Dizilerdeki dakika doldurma sendromunu inandırıcılıktan uzak reklam anlayışıyla buluşturan Beyaz, ekran başındakilere dayatılan saçmalıkları canlandıran bir skeç yapmış. Aşk-ı Memnu, Yaprak Dökümü, Fatmagül’ün Suçu Ne ve Kuzey Güney gibi fenomen dizilerin senaristlerinden Ece Yörenç’e sürpriz mahiyetinde hazırlanan ancak özünde baştan sona sektörel taşlama barındıran skeç, bana göre değme dizilere taş çıkartacak türden.
Nedir, ekranda dizi dizi boy gösteren yapımların özellikleri? Anlamsız konuşma bolluğu, izleyiciyi zekâ fukarası durumuna sokan tekrarlı sahneler, boş bakışmalar, ağdalılaştırılmış içerikler, abartılı oyunculuklar, kapı dinlemeler, kavgalar, aldatmalar, şıpıdık işi hamilelikler, birbiriyle benzer kurgu ve aslında 20 dakika bile sürmeyecek bölüm konularının 90 dakikaya çekilmesiyle boşa harcanan zaman… İlk etapta akla gelen dizi durumları bu başlıklardan ibaret.
Beyaz’ın dışında Engin Altan Düzyatan, Hatice Aslan, Özge Özpirinççi, Bedia Ener, Tarık Ünlüoğlu, Ali Sunal gibi isimlerin sunumuyla ‘Beyaz Show’a taşınan ‘Rezistans’, bu durumların hepsini en başarılı biçimde bünyesinde buluşturmuş.
Bunlara bir de kelalaka bir parçayı ürün satmak adına öne çıkartan yanıltıcı-dayatmacı reklam anlayışı eklenince ortaya mükemmel bir çalışma konmuş. En çok da kapı dinleme esprisini tuttum. Kapı dinlemede rekor kıran ‘Lale Devri’nden talimli olan Hatice Aslan’ın Bedia Ener’i kapı arkasından çıkartması harikaydı.
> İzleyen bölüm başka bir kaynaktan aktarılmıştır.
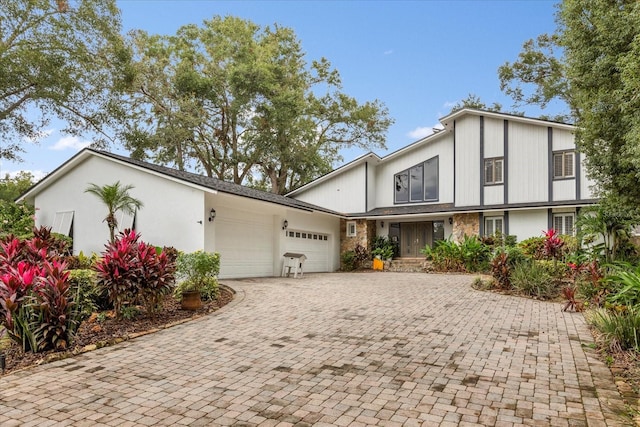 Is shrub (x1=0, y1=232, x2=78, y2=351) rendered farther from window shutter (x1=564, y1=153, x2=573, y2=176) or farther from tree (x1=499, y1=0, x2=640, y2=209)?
window shutter (x1=564, y1=153, x2=573, y2=176)

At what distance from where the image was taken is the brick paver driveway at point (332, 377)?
353 cm

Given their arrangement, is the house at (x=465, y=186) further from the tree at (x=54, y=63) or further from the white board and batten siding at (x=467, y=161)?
the tree at (x=54, y=63)

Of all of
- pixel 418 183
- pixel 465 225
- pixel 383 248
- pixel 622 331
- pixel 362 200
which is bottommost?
pixel 622 331

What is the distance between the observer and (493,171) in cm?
1864

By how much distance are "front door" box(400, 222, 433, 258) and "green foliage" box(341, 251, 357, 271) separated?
107 inches

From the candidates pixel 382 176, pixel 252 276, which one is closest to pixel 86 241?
pixel 252 276

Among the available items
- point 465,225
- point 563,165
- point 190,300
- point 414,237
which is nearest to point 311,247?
point 414,237

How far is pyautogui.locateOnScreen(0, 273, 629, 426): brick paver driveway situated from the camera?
3.53 metres

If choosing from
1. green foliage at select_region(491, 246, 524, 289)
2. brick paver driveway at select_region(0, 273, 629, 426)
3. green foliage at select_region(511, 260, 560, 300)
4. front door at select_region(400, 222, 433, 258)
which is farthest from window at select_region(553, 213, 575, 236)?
brick paver driveway at select_region(0, 273, 629, 426)

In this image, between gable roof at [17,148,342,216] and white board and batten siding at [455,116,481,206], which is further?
white board and batten siding at [455,116,481,206]

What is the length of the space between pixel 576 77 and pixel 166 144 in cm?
2206

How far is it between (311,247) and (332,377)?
14.6 metres

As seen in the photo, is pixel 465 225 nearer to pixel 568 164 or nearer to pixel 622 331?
pixel 568 164

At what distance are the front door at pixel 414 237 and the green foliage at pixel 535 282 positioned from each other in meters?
9.83
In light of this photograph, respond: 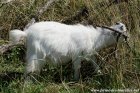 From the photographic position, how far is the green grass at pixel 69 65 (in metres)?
5.45

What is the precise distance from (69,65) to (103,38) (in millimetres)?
661

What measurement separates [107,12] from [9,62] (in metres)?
1.74

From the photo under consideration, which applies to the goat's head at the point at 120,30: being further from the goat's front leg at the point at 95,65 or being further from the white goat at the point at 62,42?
the goat's front leg at the point at 95,65

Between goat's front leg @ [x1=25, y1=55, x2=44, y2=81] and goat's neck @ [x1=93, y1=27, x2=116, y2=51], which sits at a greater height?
goat's neck @ [x1=93, y1=27, x2=116, y2=51]

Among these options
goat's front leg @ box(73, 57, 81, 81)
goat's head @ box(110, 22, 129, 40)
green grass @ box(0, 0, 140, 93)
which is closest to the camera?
green grass @ box(0, 0, 140, 93)

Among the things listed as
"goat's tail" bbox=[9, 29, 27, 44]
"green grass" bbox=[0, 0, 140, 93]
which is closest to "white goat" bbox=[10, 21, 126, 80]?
"goat's tail" bbox=[9, 29, 27, 44]

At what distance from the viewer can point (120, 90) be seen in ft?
16.8

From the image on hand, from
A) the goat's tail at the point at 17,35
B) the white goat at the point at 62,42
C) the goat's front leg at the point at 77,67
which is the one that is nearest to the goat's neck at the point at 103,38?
the white goat at the point at 62,42

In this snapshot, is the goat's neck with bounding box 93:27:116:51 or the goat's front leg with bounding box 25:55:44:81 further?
the goat's neck with bounding box 93:27:116:51

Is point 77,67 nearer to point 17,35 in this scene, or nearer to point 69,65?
point 69,65

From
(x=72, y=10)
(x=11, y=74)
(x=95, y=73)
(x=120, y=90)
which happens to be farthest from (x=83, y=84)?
(x=72, y=10)

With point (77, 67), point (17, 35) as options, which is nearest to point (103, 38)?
point (77, 67)

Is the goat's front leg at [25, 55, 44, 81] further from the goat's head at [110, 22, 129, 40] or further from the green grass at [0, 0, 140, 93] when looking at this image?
the goat's head at [110, 22, 129, 40]

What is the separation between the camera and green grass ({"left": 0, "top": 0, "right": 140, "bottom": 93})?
5.45 metres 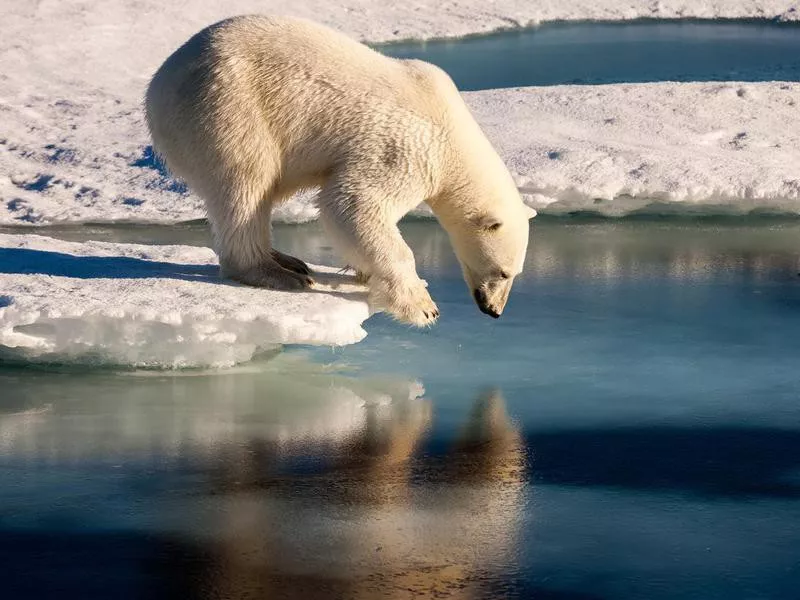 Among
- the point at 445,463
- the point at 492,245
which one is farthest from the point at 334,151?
the point at 445,463

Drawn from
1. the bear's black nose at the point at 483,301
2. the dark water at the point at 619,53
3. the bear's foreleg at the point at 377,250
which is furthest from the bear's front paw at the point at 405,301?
the dark water at the point at 619,53

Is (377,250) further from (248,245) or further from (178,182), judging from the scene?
(178,182)

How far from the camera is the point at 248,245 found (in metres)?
5.36

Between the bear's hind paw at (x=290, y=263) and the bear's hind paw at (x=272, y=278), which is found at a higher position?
the bear's hind paw at (x=290, y=263)

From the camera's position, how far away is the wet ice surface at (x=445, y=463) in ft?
11.9

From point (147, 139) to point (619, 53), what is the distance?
649 centimetres

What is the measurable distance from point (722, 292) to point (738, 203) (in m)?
1.42

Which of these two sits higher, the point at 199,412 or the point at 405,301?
the point at 405,301

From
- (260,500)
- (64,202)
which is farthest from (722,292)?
(64,202)

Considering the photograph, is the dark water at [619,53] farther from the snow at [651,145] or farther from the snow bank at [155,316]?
the snow bank at [155,316]

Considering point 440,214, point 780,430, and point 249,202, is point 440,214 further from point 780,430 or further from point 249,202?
point 780,430

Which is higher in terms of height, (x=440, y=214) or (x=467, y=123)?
(x=467, y=123)

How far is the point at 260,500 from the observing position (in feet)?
13.5

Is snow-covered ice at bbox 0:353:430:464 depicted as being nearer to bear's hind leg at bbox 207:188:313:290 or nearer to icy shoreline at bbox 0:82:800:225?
bear's hind leg at bbox 207:188:313:290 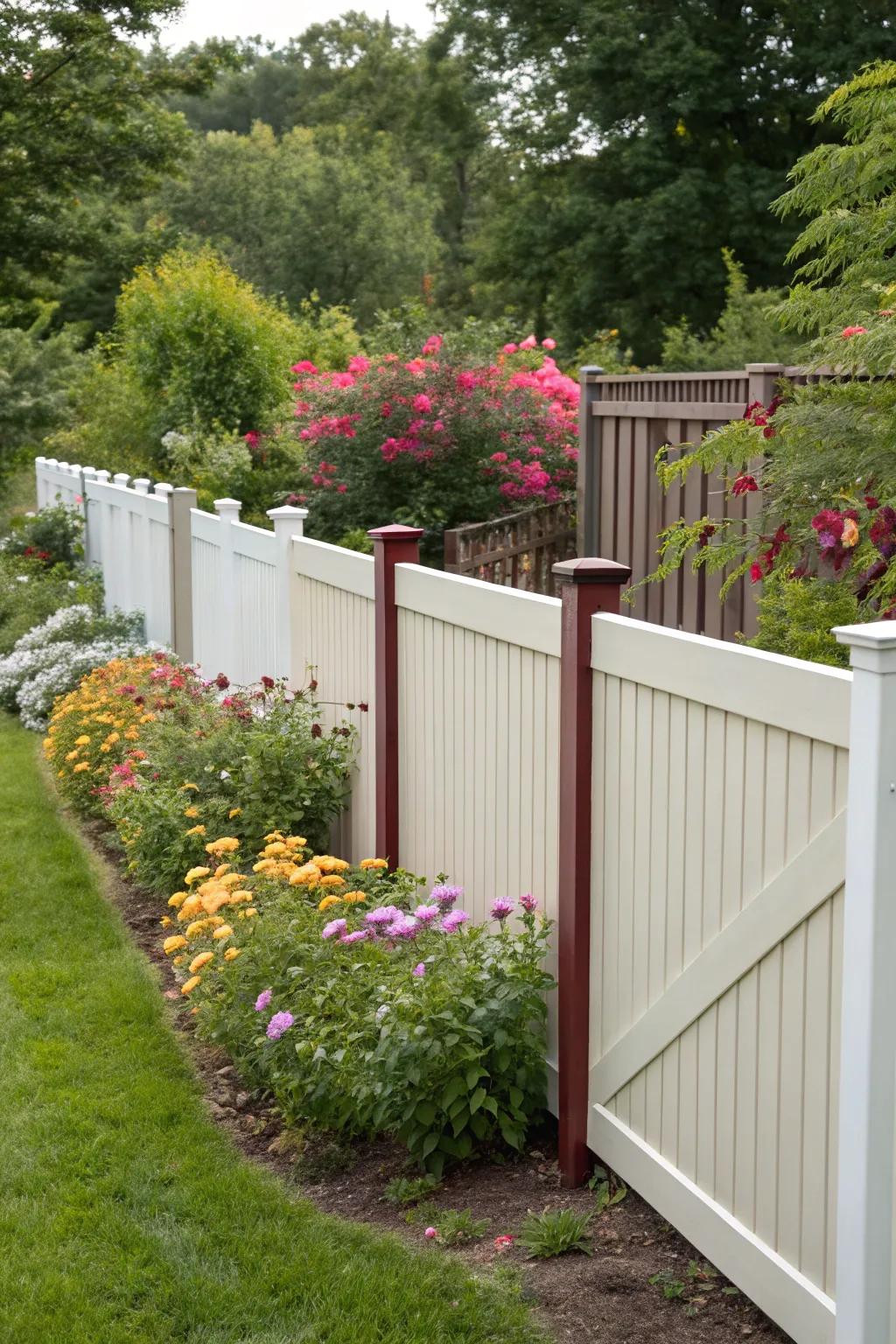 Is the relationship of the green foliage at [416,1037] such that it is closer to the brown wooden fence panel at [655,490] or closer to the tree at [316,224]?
the brown wooden fence panel at [655,490]

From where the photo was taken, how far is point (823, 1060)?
286 cm

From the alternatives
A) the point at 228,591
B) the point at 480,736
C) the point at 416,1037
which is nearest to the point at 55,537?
the point at 228,591

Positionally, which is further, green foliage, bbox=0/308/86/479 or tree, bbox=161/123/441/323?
tree, bbox=161/123/441/323

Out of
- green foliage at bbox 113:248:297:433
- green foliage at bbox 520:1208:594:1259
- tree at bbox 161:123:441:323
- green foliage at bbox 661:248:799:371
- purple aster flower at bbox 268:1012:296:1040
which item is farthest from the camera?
tree at bbox 161:123:441:323

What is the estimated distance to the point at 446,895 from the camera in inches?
174

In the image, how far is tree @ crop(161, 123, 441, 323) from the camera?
126 feet

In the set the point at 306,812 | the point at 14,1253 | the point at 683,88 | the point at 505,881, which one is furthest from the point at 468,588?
the point at 683,88

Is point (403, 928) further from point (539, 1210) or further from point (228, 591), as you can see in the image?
point (228, 591)

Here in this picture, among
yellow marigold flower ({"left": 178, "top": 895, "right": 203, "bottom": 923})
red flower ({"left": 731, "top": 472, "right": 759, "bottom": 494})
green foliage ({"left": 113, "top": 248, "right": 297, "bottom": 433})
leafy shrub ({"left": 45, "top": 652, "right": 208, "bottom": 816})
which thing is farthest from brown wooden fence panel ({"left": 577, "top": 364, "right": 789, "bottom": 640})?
green foliage ({"left": 113, "top": 248, "right": 297, "bottom": 433})

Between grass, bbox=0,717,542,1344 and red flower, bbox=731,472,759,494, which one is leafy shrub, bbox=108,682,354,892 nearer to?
grass, bbox=0,717,542,1344

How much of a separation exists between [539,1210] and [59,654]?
828 cm

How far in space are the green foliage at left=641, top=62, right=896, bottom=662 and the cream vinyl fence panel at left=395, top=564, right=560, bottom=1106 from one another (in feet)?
2.00

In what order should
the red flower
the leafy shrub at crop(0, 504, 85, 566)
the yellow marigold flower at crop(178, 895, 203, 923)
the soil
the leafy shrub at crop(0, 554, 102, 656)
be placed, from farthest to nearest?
1. the leafy shrub at crop(0, 504, 85, 566)
2. the leafy shrub at crop(0, 554, 102, 656)
3. the yellow marigold flower at crop(178, 895, 203, 923)
4. the red flower
5. the soil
Sosyal medyada da ilgiyle karşılanan ‘Rezistans’, aslında yeni bir akım başlatabilir. Nasıl ki, ‘Korkunç Bir Film’ serisi gözüne kestirdiği yapımlarla dalgasını geçip yolunu buluyorsa Beyaz ve ekibi de, dizilerle reklamları buluşturan böylesi skeçleri daha geliştirip mini dizilere dönüştürebilir.
‘Rezistans’ın yerine çamaşır suyu, kahve, gofret, çerez, elektronik alet, beyaz eşya gibi ürünler konulur. Dalgaya alınacak dizi konusunda da nasılsa hiç sıkıntı çekilmez. Hangi yapıma baksanız mutlak gırgır geçilecek bir yön mevcut.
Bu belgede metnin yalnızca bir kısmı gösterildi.